Algumas vítimas teriam implorado para que eles não atirassem mais, porém os criminosos teriam dito que “tinham de terminar o serviço”. Testemunhas contaram à Polícia que ‘Gaspar’ foi o autor dos tiros contra o vendedor de lanches, Antônio José Dias de Oliveira, o ‘Marrom’, 55, além da morte de quatro mulheres. ‘RD’ teria, da mesma forma, chegado na comunidade dizendo que foi responsável por tirar a vida de duas mulheres. Todos os suspeitos, contudo, negam participação nos homicídios.
O final
‘Robin Hood’ disse ter ido em casa, trocado de roupa e encontrado um dos adolescentes suspeitos de participar da chacina. O jovem de 17 anos teria ido à casa de Ayalla Duarte Cavalcante, o ‘ Zóio’, e pago R$ 70 para que ele queimasse o Golf branco, utilizado na chacina. Os três suspeitos teriam se reunido e, junto a ‘RD’, ateado fogo no carro, pensando colocar fim na história com a destruição do automóvel, mas não consideraram que as chamas seriam apenas um elemento das investigações.

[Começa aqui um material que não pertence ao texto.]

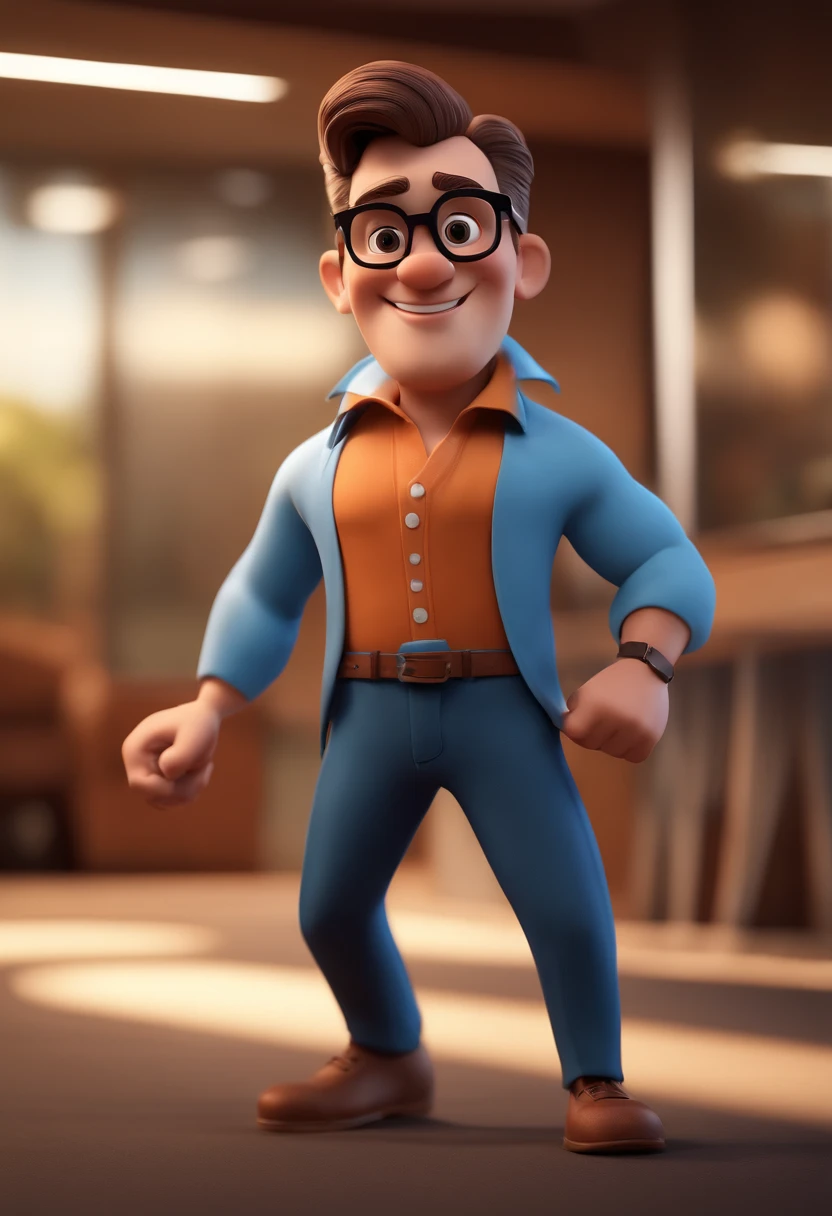 Cartoon character of a man with black glasses and a blue shirt, animation character, Caractere estilizado, animation style rendering, 3D estilizado, Arnold Maya render, 3 d render stylized, toon render keyshot, Personagem 3D, Personagem 3D, 3d rendering stylized, 3 d character render, personagem de desenho animado, Personagem de close up, Pose de personagem, (Estilo Pixar) (master part:1.2) (Bokeh) (best quality) (pele detalhada) (textura detalhada) (8k) (argila) (Cinematic lighting) (foco nítido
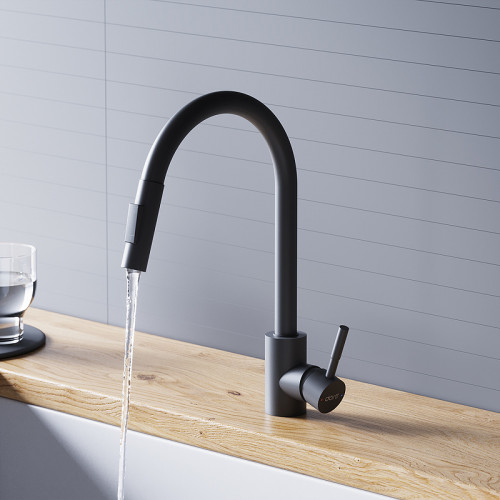 Смеситель для кухни Dorff Logic D3007522 Черный нержавеющая сталь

A Divisão de Homicídios apurou o caso durante quatro meses e colheu depoimentos de mais de 100 pessoas. O relatório final da Especializada indiciou 13 pessoas, incluindo dois adolescentes. Outras três pessoas, possivelmente, estariam envolvidas na chacina, mas nada foi encontrado pelos investigadores.
Pedro Paulo do Prado Sousa, o ‘Irmão Pedro’, havia sido apresentado pela Secretaria da Segurança Pública e Defesa Social (SSPDS) como um dos possíveis executores diretos, mas, como o Diário do Nordeste havia adiantado, em maio, ele já estava preso no dia da chacina. Ana Karine da Silva Aquino, a ‘Nega do Pezão’, também não foi indiciada no processo em questão.
No local da chacina, os policiais encontraram cerca de 100 estojos de balas, uma granada, além de projéteis. Ao redor do Forró do Gago, em um raio de até 300 metros, houve a constatação do trânsito de 18 viaturas, identificadas pela Coordenadoria Integrada de Operações de Segurança (Ciops), mas nenhuma chegou a tempo.
Indiciados
1. Djair de Souza Silva, o ‘De Deus’;
2. Noé de Paula Moreira, o ‘Gripe Suína’;
3. Auricélio Sousa Freitas, o ‘Celim’;
4. Zaqueu Oliveira da Silva, o ‘H2O;
5. Misael de Paula Moreira, o ‘Afeganistão’;
6. Rennan Gabriel da Silva, o ‘Biel’;
7. Francisco Kelson Ferreira do Nascimento, o ‘Susto’;
8. Joel Anastácio de Freitas, o ‘Gaspar’;
9. Ruan Dantas da Silva, o ‘RD’;
10. Fernando Alves de Santana, o ‘Robin Hood’;
11. Ayalla Duarte Cavalcante, o ‘Zóio’
12. Um adolescente de 17 anos;
13. Um jovem de 18 anos, que era menor no momento do crime;
Os dez primeiros irão responder por homicídio qualificado, tentado e consumado, por motivo torpe e por impossibilitar a defesa da vítima em continuidade delitiva, organização criminosa e corrupção de menores. Fernando, Ruan e Ayalla foram indiciados por prática do crime de incêndio e fraude processual.
Destes, oito estão presos; Ayalla responde em liberdade; Misael e Auricélio seguem foragidos. Os processos dos dois adolescentes suspeitos de ato infracional seguem pela Delegacia da Criança e do Adolescente (DCA) em segredo de Justiça; ambos estão apreendidos.